Saturday, December 23, 2006

Happy Festivus: The Airing of Grievances

It's late December again, and you know what that means... Christmas Festivus for the rest of us! Yes, for a second year, I will air a grievance in the manner that Jerry Stiller's character on Seinfeld has laid out, and this year, that grievance is the shoddy treatment of the wrestling promo RP, specifically in the PTC community.

It seems that there's a condescending air and this insidious undercurrent of venom when it comes to the traditional wrestling promo. It's like that if you do that kind of thing, or if you're in a fed where that's the common practice, you're not as evolved as other e-fedders are, and those places should be looked down upon. To tap into themes that my guest bloggers have been exploring, it's like there are two different games nowadays. The PTC game has been hijacked by writers, while wrestling fans still have control of FW. The writers believe that "trash talk" is uncivilized and better left to special events, fun things that have no bearing on fed matters, like what's going on here.

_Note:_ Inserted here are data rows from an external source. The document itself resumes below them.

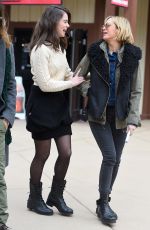 HAILEE STEINFELD Out and About at Sundance Film Festival in Park City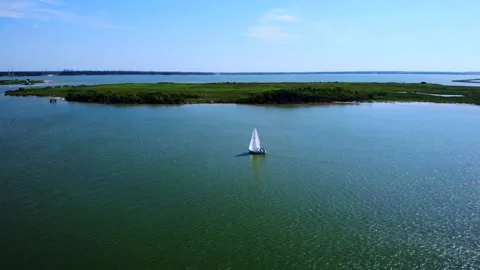 Sailboat Stock Footage 237713405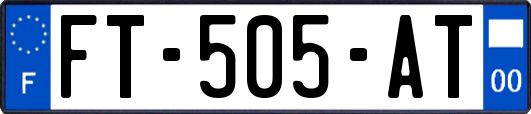 FT-505-AT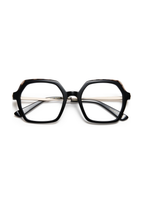 OSMOSE OCP650 | Lunettes de vue femme noir à clip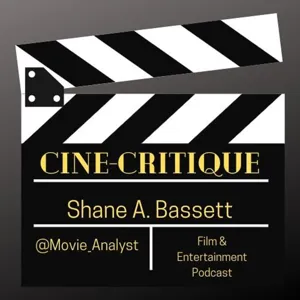 Cine-Critique: David Arquette Part 2 with film & entertainment reviews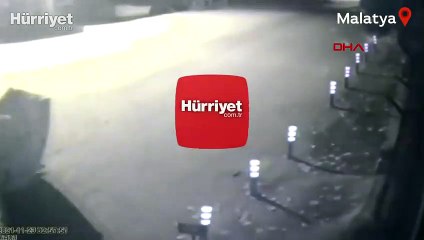 Çuval giyip, çaldığı kartla para çeken şüpheli yakalandı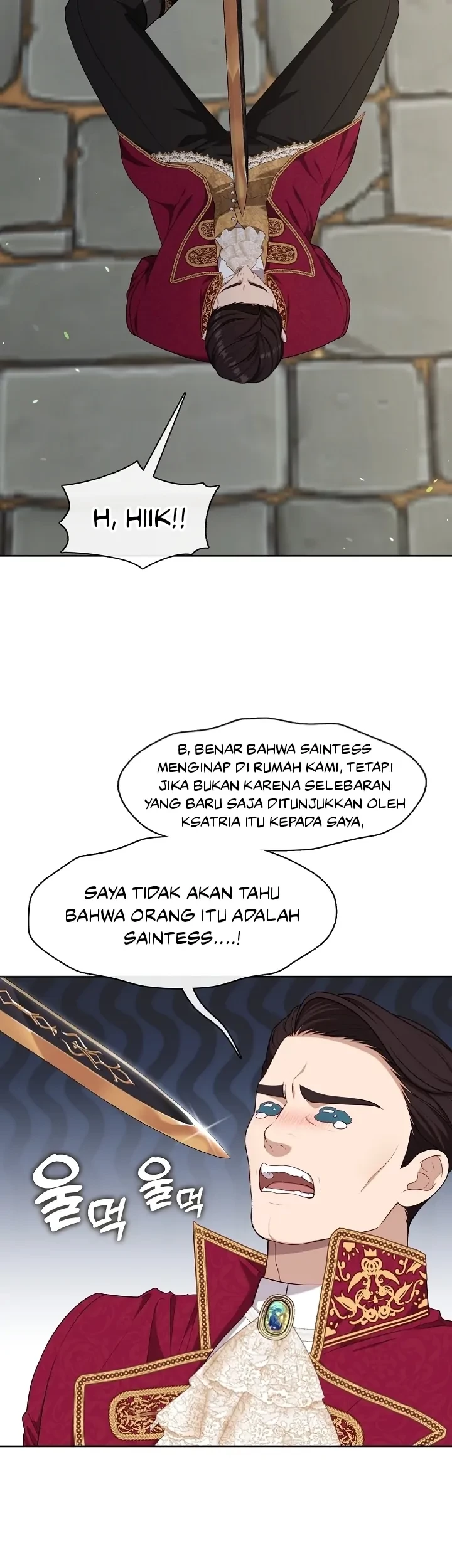 The S-Class Hunter Doesn’t Want to Be a Villainous Princess Chapter 13 - Halaman 42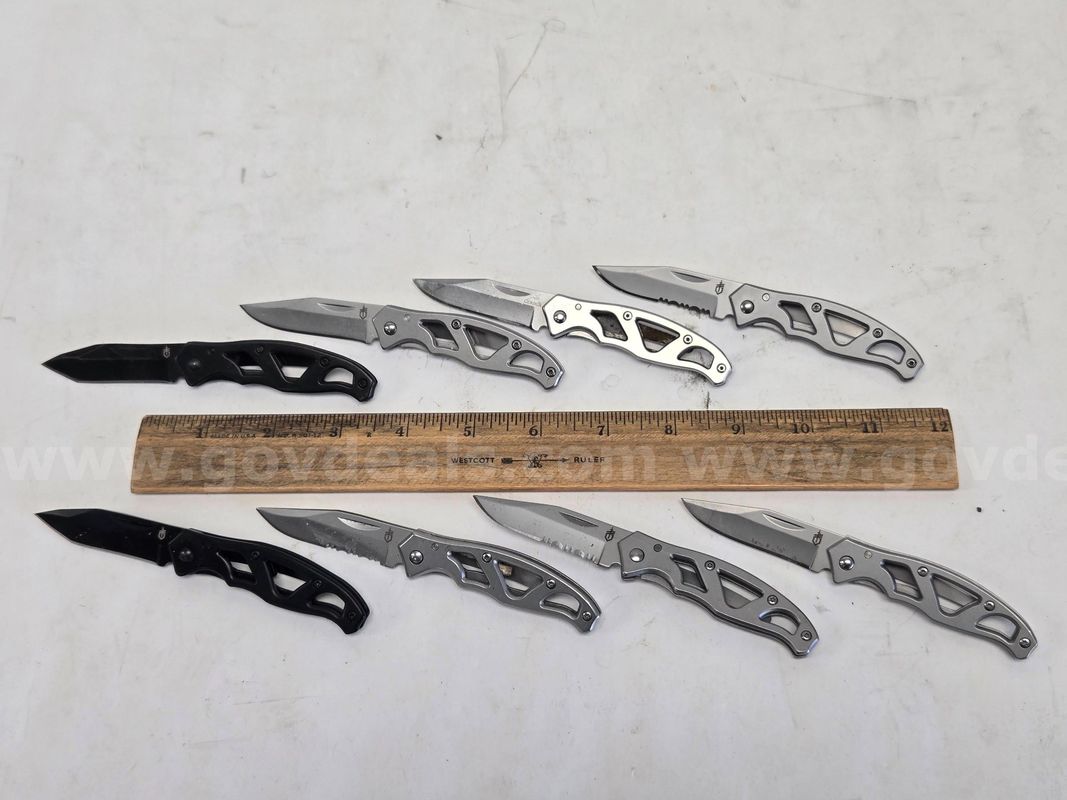 Gerber Folding Knives (Anchorage, AK)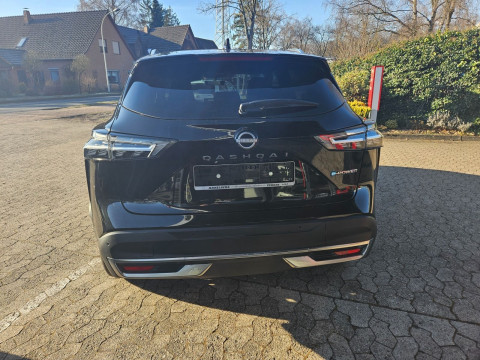 Ansicht 5 - Gebrauchtwagen Fahrzeug, Modell Qashqai der Marke Nissan von Verkäufer Autohaus Hakelberg GmbH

Because it's now all about the writing, about crafting these fine stories, the art of the promo, at least in RP form, isn't really considered as much an art as it is something you do on the side. If you ask most people where "trash talk" or a wrestling promo belongs, it's on a show write-up. That's where wrestlers cut their promos in real life, right?

But if you look at some of these show write-ups, you aren't going to find a whole lot of promos. Outside of a few people (the lads in Fuck You, Darcy Crisis and Jack Murphy for example... all of them cut in-ring promos and are damn good at it, if you ask me), no one really uses segment work to cut promos on people. They're for the most part backstage segments used to futher storylines.

So if promos have no place in RPs, and people feel compelled not to do them on write-ups, where do they belong? Surely, you're not going to cut out the time-honored tradition of laying the verbal smackdown on your opponents completely, right? I mean, that's half of what wrestling is about. Half the time, you're talking smack on your opponent and the other half, you're in the ring beating up on your opponent. Okay, maybe those numbers are a bit skewed nowadays, seeing that there are plenty of backstage segments, skits and angles that populate wrestling television. Still though, the art of the promo has not been lost. I caught the last hour of Smackdown this past Friday and I saw JBL deliver a fine promo against Teddy Long. People still do it in real life.

Plus... if something is undeniably more fun, why stop doing it? I hear from people all the time that "I wish there was more of a harkening back to the old-school" or "that trash talk thread is the most fun I've had in awhile." This is a hobby... shouldn't it be fun? Why should we turn our noses up to the promo when you can get into it so much? Who cares if the writing isn't as good as if you're doing a zomg important story?

Once again, I can't stress enough that I don't think what most of PTC does for RPs is bad. I like that style and I think it has a place. I was talking to Dave Cook, Jason Snow's handler, last night, and he said that the PTC style of RPing helps people with their writing. I agree with that. I'm very interested in reading stories about wrestlers outside of the arena setting. I like writing those kinds of things too. It has a place.

I also don't think all of PTC thinks the way I described above. I mean, why else would Nova compete in NFW, and why would Pete grade a Lindsay Troy wrestling promo on the same grade as something such as a VJ masterful story epic? There isn't a total disdain for the promo. But it's there in an enclave of the community, and it's present enough to rear its ugly head.

Look, I'm not saying that wrestling promos should be instituted in place of backstage segments and non-traditional RPs. I'm just saying that non-traditional RPs shouldn't be done in lieu of wrestling promos either. There has to be a balance. This hobby has to have some kind of connection to wrestling, and it can't just be through wrestling matches. The spirit of the promo is the thing that gives eW its soul, in my opinion. To take it away is to strip the hobby of its essence.

And stripping the hobby of its essence is a major grievance to me.